Thanks to a recommendation by congressman William Windom, Huggins was commissioned as a second lieutenant of the 2nd Artillery Regiment in February 1866, and regained his wartime rank by the end of the year. While in the army, he attended Mankato Normal School now called Minnesota State University, Mankato from 1872 to 1875. He was then promoted to captain of the 2nd Cavalry Regiment in April 1879. In October 1882 he was assigned as Assistant Inspector General in the Department of the Columbia. He was promoted to major in January 1897, and served as aide-de-camp to general Nelson A. Miles until Miles' appointment as Commanding General of the Army.

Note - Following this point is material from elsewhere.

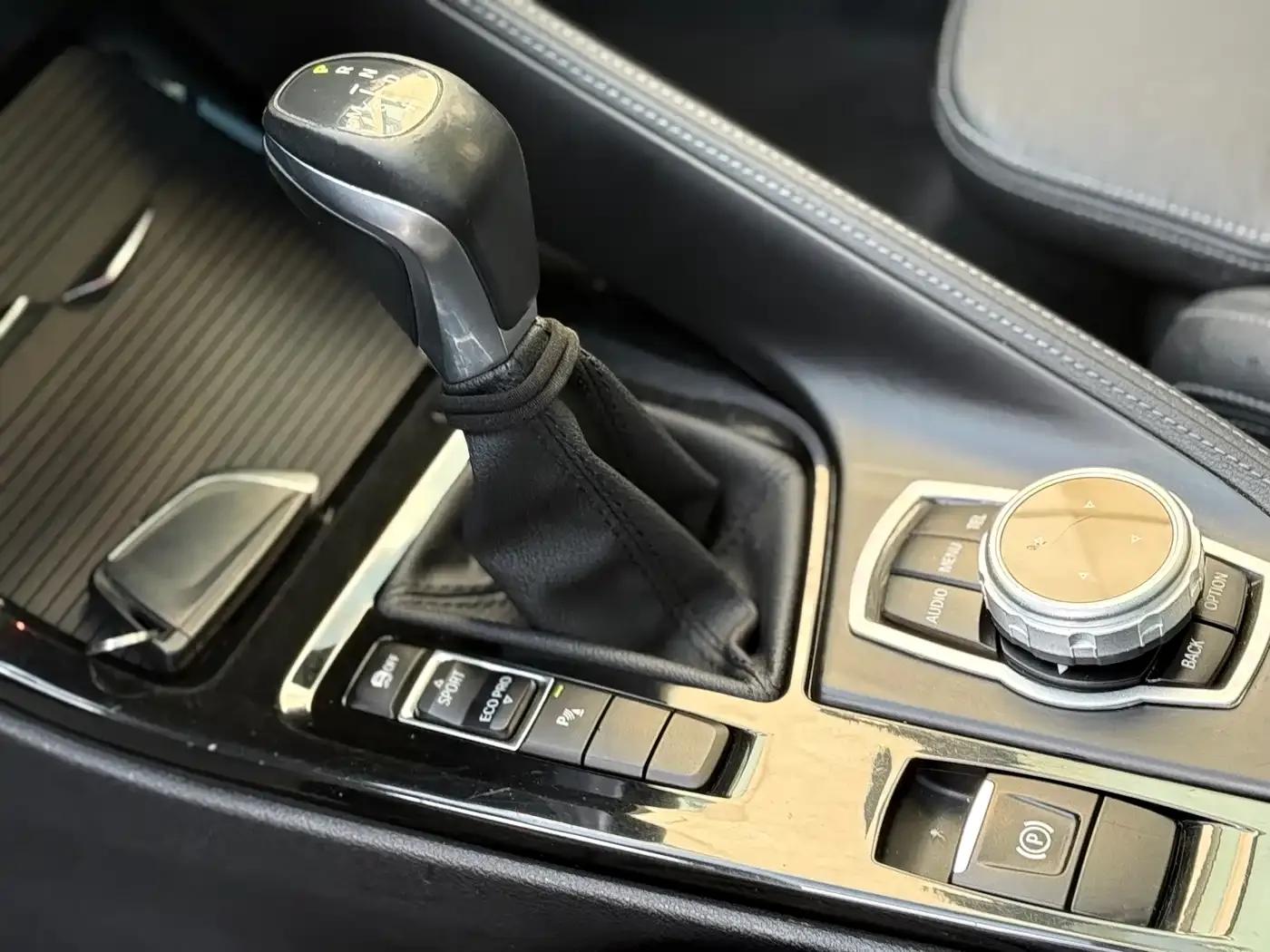 BMW X1 2018 sDrive18Li Premium — миниатюра 9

At the outbreak of the Spanish–American War, Huggins was appointed colonel of the 8th US Volunteer Infantry in May 1898. After the war he reverted to his pre-war rank and served with the 6th US Cavalry in the Boxer Rebellion. He was again promoted to colonel in November 1901 and received command of his old regiment, the 2nd Cavalry. During the Filipino–American War, Huggins served as the Lieutenant Colonel of the 3rd Cavalry Regiment. He was finally promoted to brigadier general on February 22, 1903, and retired the next day.

==Career as an author==
Huggins also published several works and books throughout his life with his first work being an article titled Men and Things in Alaska that was published in the periodical, The Citizen Magazine. He has been credited with over 31 works of various genres in his name with his most famous one being titled Winona, A Dakota Legend and Other Poems in 1890.

==Post-retirement==
Following his retirement, Huggins became a real-estate investor in the Indian Territory, living at Muskogee with his sister, Jane Sloan Huggins Holtsclaw. He could also speak various languages including French, Spanish, Portuguese, Russian and Sioux. By 1910, he lived at Mission Valley, San Diego but had moved to East San Diego, California, in 1920. He was buried at Mountain View Cemetery in Oakland, California.

==Medal of Honor citation==
Rank and organization: Captain, 2nd U.S. Cavalry. Place and date: Near O'Fallons, Mont., April 1, 1880. Entered service at: Minnesota. Birth: Schuyler County, Ill. Date of issue: November 27, 1894.

Surprised the Indians in their strong position and fought them until dark with great boldness.